They don’t expect the ‘drop in remote worker’ until 2040-2045, for the full AGI remote worker that can do literally everything, which I’d note probably means ASI shortly thereafter. They say if you look at the percentage currently automated it is currently very small, or that the requirements for transformation aren’t present yet, which is a lot like saying we didn’t have many Covid cases in February 2020, this is an exponential or s-curve. You can absolutely extrapolate.

Their next better argument is that we’ve run through 10 OOMs (orders of magnitude) of compute in 10 years, but we are soon to be fresh out of OOMs after maybe 3 more, so instead of having key breakthroughs every three years we’ll have to wait a lot longer for more compute. An obvious response is that we’re rapidly gaining compute efficiency, and AI is already accelerating our work and everything is clearly iterating faster, and we’re already finding key ways to pick up these new abilities like long task coherence through better scaffolding (especially if you count o3 as scaffolding) and opening up new training methods.

Dwarkesh says, aren’t current systems already almost there? They respond no, it can’t move a cup, it can’t even book a flight properly. I’ve seen robots that are powered by 27B LLMs move cups. I’ve seen operator book flights, I believe the better agents can basically do this already, and they admit the flight booking will be solved in 2025. Then they fall back on, oh travel agents mostly don’t book flights, so this won’t much matter. There’s so many different things each job will have to do.

So I have two questions now.

Aren’t all these subtasks highly correlated in AI’s ability to do them? Once the AI can start doing tasks, why should the other tasks stop the AI from automating the job, or automating most of the job (e.g. 1 person does the 10% the AI can’t yet do and the other 9 are fired, or 8 are fired and you get twice as much output)? As I’ve said many times, They Took Our Jobs is fine at first, your job gets taken so we do the Next Job Up that wasn’t quite worth it before, great, but once the AI takes that job too the moment you create it, you’ve got problems.
What exactly do travel agents do that will be so hard? I had o3 break it down into six subproblems. I like its breakdown so I’m using that, its predictions seem oddly conservative, so the estimates here are mine.
1. Data plumbing. Solved by EOY 2025 if anyone cares.
2. Search and optimization. It says 2-3 years, I say basically solved now, once you make it distinct from step C (preference elicitation). Definitely EOY 2025 to be at superhuman levels based off a YC startup. Easy stuff, even if your goal is not merely ‘beat humans’ but to play relatively close to actual maximization.
3. Preference-elicitation and inspiration. It basically agrees AI can already mostly do this. With a little work I think they’re above human baseline now.
4. Transaction and compliance. I don’t know why o3 thinks this takes a few extra years. I get that errors are costly but errors already happen, there’s a fixed set of things to deal with here and you can get them via Ace-style example copying, checklists and tool use if you have to. Again, seriously, why is this hard? No way you couldn’t get this in 2026 if you cared, at most.
5. Live ops and irregular operations. The part where it can help you at 3am with no notice, and handle lots of things at once, is where AI dominates. So it’s matter of how much this bleeds into F and requires negotiation with humans, and how much those humans refuse to deal with AIs.
6. Negotiation and human factors. This comes down to whether the concierge is going to refuse to deal with AIs, or treat them worse – the one thing AIs can’t do as well as humans is Be Human.

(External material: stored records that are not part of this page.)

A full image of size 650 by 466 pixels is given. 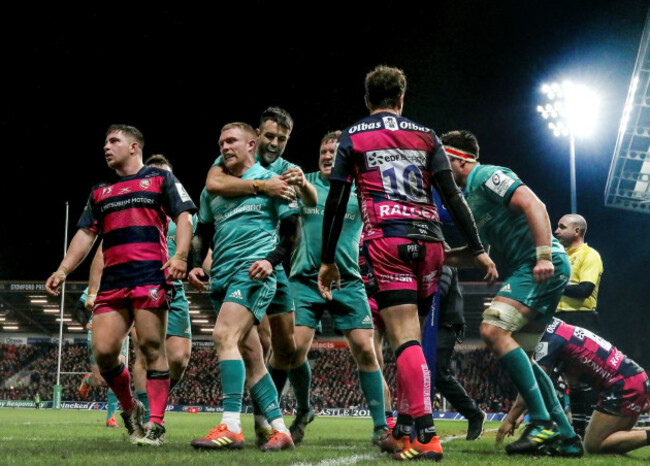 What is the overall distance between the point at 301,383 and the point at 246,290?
5.57 feet

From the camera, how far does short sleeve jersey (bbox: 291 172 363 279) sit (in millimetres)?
6922

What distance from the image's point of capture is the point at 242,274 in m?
5.59

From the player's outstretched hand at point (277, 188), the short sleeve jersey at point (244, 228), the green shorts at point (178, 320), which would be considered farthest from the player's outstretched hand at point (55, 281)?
the player's outstretched hand at point (277, 188)

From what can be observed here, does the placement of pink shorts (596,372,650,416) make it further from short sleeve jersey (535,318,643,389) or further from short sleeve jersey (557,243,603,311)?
short sleeve jersey (557,243,603,311)

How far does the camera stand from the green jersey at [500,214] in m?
5.47

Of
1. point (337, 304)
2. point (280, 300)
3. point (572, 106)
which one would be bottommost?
point (337, 304)

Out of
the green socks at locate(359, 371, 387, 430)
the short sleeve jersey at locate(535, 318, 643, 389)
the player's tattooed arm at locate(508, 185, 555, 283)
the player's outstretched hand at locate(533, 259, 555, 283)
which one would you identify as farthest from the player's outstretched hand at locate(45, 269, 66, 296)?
the short sleeve jersey at locate(535, 318, 643, 389)

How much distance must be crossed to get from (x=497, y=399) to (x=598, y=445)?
26.2 metres

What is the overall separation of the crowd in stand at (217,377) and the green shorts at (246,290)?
24577mm

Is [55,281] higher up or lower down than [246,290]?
lower down

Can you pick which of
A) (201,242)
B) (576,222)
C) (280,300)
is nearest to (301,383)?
(280,300)

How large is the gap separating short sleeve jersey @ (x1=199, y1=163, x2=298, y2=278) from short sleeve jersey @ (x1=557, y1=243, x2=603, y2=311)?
3.98m

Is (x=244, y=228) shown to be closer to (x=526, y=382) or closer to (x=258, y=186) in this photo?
(x=258, y=186)

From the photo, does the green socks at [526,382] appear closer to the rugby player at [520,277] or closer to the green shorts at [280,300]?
the rugby player at [520,277] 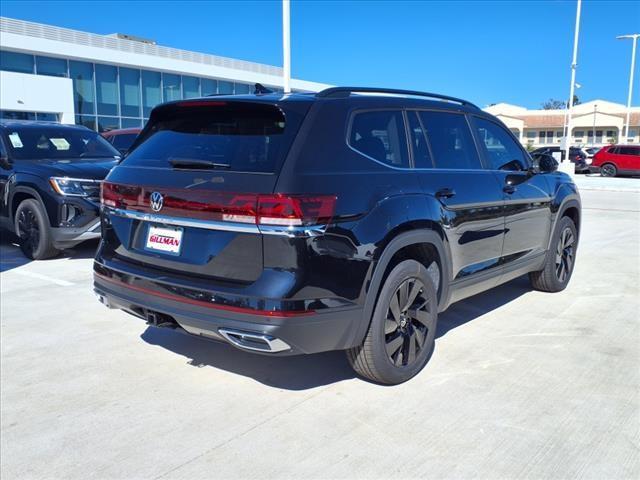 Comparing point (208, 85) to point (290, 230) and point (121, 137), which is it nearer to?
point (121, 137)

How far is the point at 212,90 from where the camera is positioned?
35625mm

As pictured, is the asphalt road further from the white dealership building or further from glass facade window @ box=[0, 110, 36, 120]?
the white dealership building

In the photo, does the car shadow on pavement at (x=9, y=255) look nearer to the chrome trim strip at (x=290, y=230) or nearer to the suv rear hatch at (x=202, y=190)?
the suv rear hatch at (x=202, y=190)

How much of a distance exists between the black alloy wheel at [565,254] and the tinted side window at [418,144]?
255 cm

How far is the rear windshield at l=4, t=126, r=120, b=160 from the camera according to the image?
307 inches

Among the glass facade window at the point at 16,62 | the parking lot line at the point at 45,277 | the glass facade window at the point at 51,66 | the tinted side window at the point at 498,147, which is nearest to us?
the tinted side window at the point at 498,147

To use o3’s words, ‘ordinary travel’ AI is going to smoke humans very soon, but ‘concierge-level social kung-fu’ dominance is harder. To the extent it can hide being an AI via texts and emails and telling the user what to do and say, I bet it’s not that hard at least outside the very top, the human baseline is not that high, and the AI is so much vastly cheaper.

Another way of putting it is, existing AI already has automated existing travel agents to a large extent already, right now. On The Americans the couple plays travel agents, I remember using travel agents. Now it feels strange to use one even before considering AI, and with AI it actually seems crazy not to simply use the actual o3 as my travel agent here unless I’m dangerously close to TMM (too much money)? The annoyance of dealing with a human, and the misalignment of their preferences, seems like more trouble than it is worth unless I mostly don’t care what I spend.

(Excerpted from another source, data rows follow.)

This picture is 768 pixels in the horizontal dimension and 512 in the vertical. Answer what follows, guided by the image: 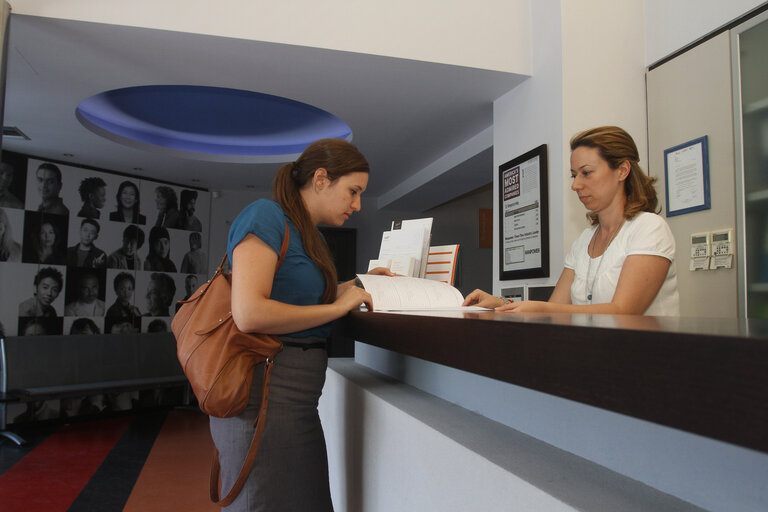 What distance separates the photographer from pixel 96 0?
301 centimetres

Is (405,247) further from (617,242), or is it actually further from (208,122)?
(208,122)

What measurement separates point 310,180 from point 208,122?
4.84 metres

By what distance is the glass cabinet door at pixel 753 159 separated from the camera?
2498 millimetres

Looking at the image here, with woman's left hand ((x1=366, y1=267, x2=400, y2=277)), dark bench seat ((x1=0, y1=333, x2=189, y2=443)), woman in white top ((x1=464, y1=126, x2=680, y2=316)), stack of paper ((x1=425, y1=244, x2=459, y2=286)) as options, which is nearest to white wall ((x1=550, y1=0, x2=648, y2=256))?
woman in white top ((x1=464, y1=126, x2=680, y2=316))

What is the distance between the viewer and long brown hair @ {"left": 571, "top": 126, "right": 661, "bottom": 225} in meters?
1.81

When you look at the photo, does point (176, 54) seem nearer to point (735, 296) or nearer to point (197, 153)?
point (197, 153)

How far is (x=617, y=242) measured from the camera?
1766 mm

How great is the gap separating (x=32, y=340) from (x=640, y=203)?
6.08 meters

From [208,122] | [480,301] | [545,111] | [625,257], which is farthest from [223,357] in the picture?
[208,122]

Even in o3’s very long timeline where it doesn’t think AI will hit human baselines for the last two steps any time soon, it projects:

o3: Bottom line: historic shrinkage was roughly 60 / 40 tech vs everything else; looking forward, the next wave is even more tech‑weighted, with AI alone plausibly erasing two‑thirds of the remaining headcount by the mid‑2030s.

In a non-transformed world, a few travel agents survive by catering to the very high end clients or those afraid of using AI, and most of their job involves talking to clients and then mostly giving requests to LLMs, while occasionally using human persuasion on the concierge or other similar targets.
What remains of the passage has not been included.